● Assigned task
A faithful copy of the listing below is needed, one that contains no pictures.

● Listed records
..........

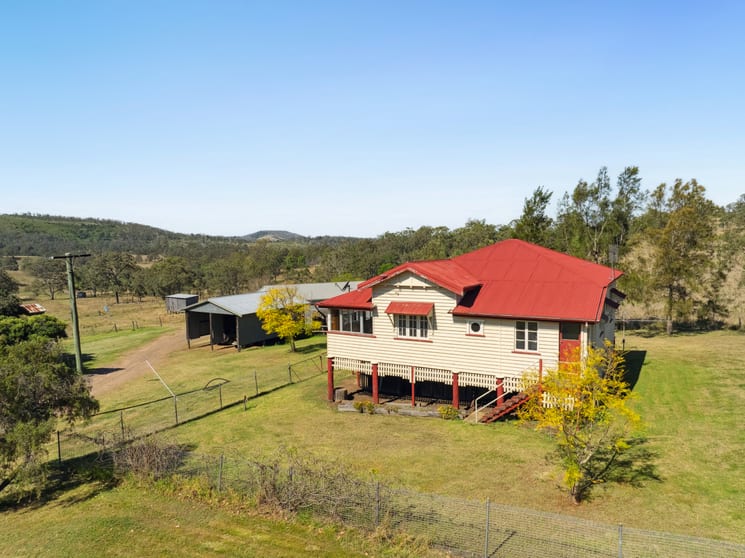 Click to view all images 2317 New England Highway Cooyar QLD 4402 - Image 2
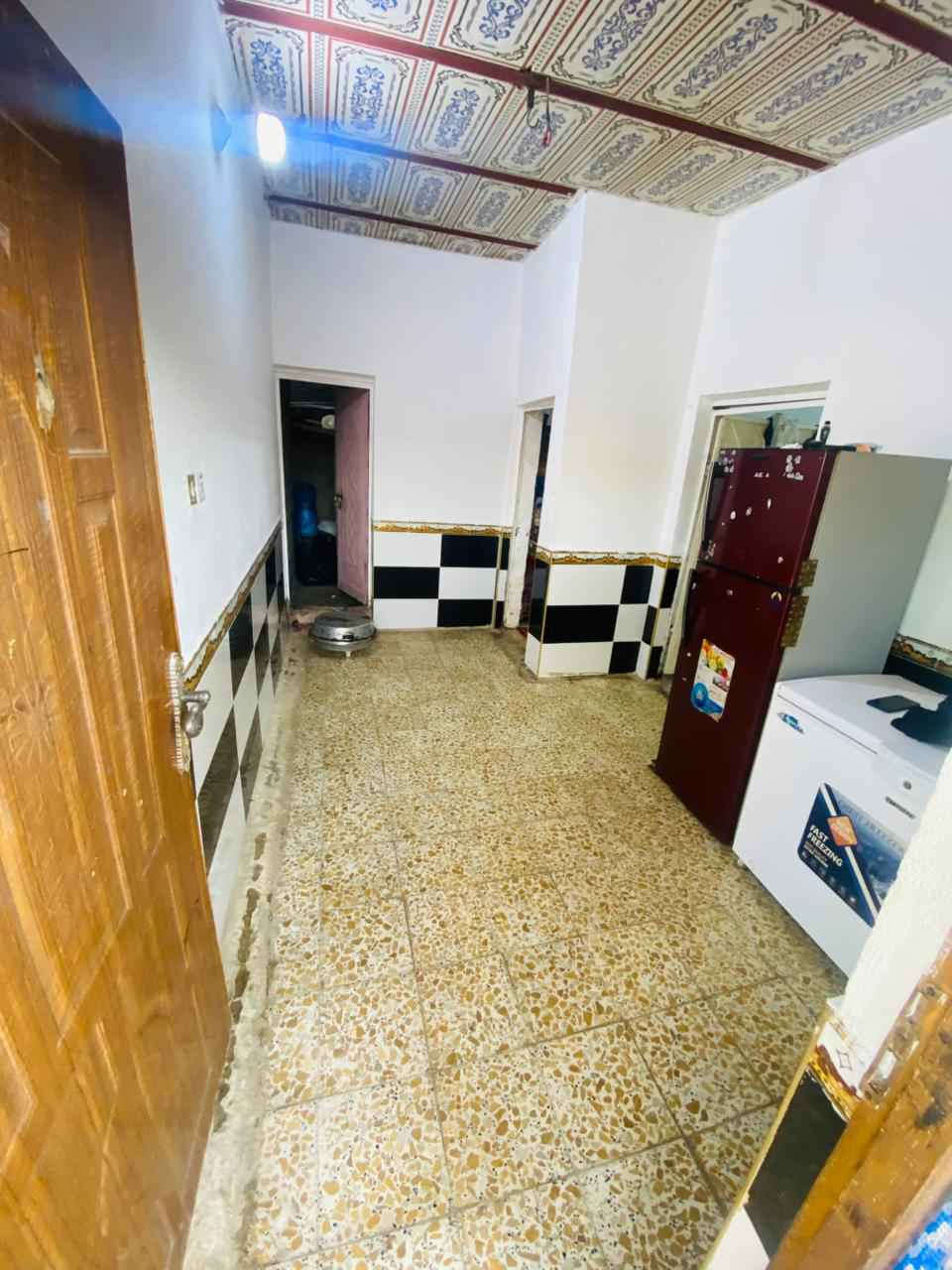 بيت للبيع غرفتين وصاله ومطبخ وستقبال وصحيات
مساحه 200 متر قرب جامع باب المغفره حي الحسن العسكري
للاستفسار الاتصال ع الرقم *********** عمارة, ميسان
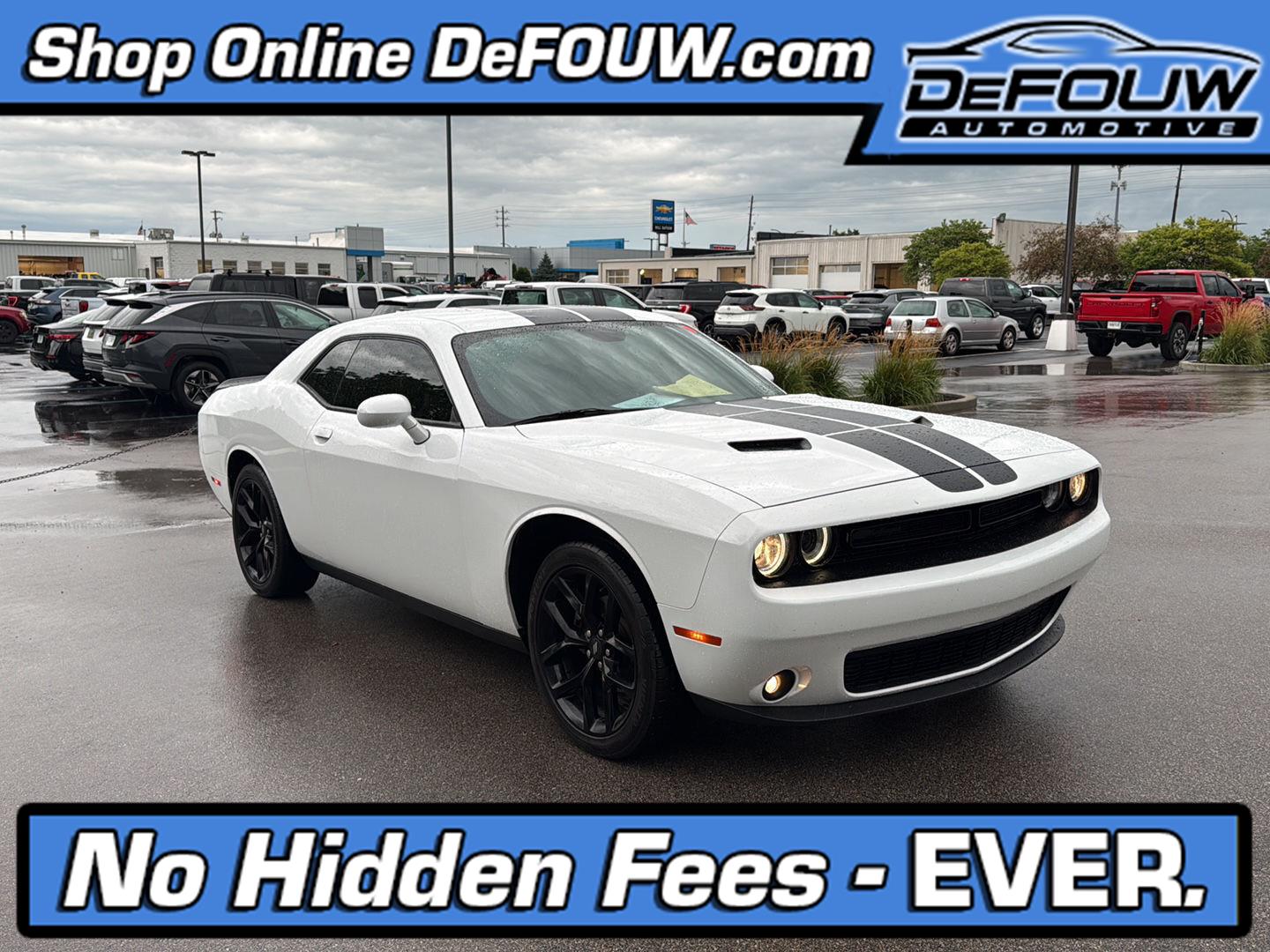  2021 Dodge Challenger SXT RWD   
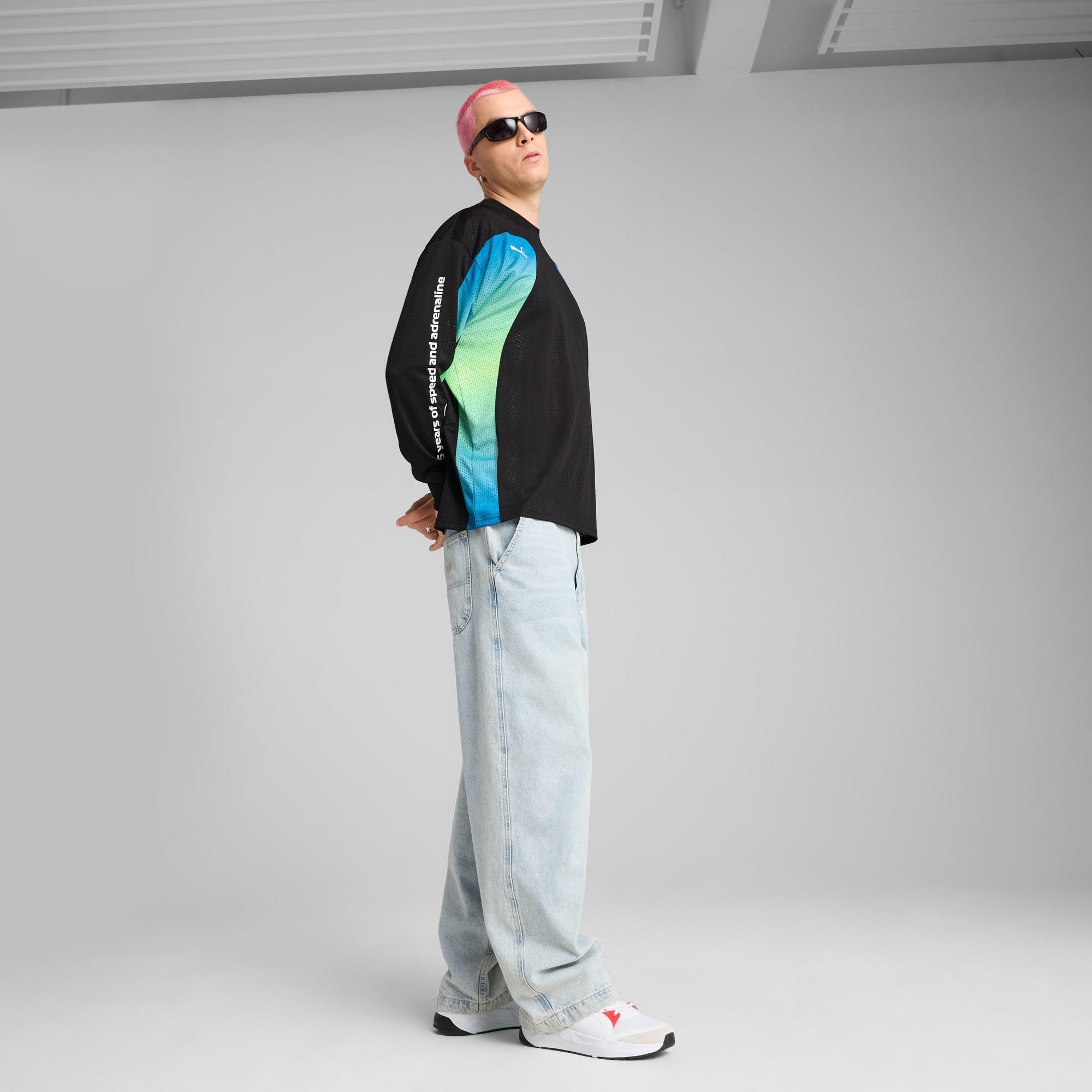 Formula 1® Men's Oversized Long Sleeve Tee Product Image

..........

● Answer to the problem
 Click to view all images 2317 New England Highway Cooyar QLD 4402 - Image 2
 بيت للبيع غرفتين وصاله ومطبخ وستقبال وصحيات
مساحه 200 متر قرب جامع باب المغفره حي الحسن العسكري
للاستفسار الاتصال ع الرقم *********** عمارة, ميسان
  2021 Dodge Challenger SXT RWD   
 Formula 1® Men's Oversized Long Sleeve Tee Product Image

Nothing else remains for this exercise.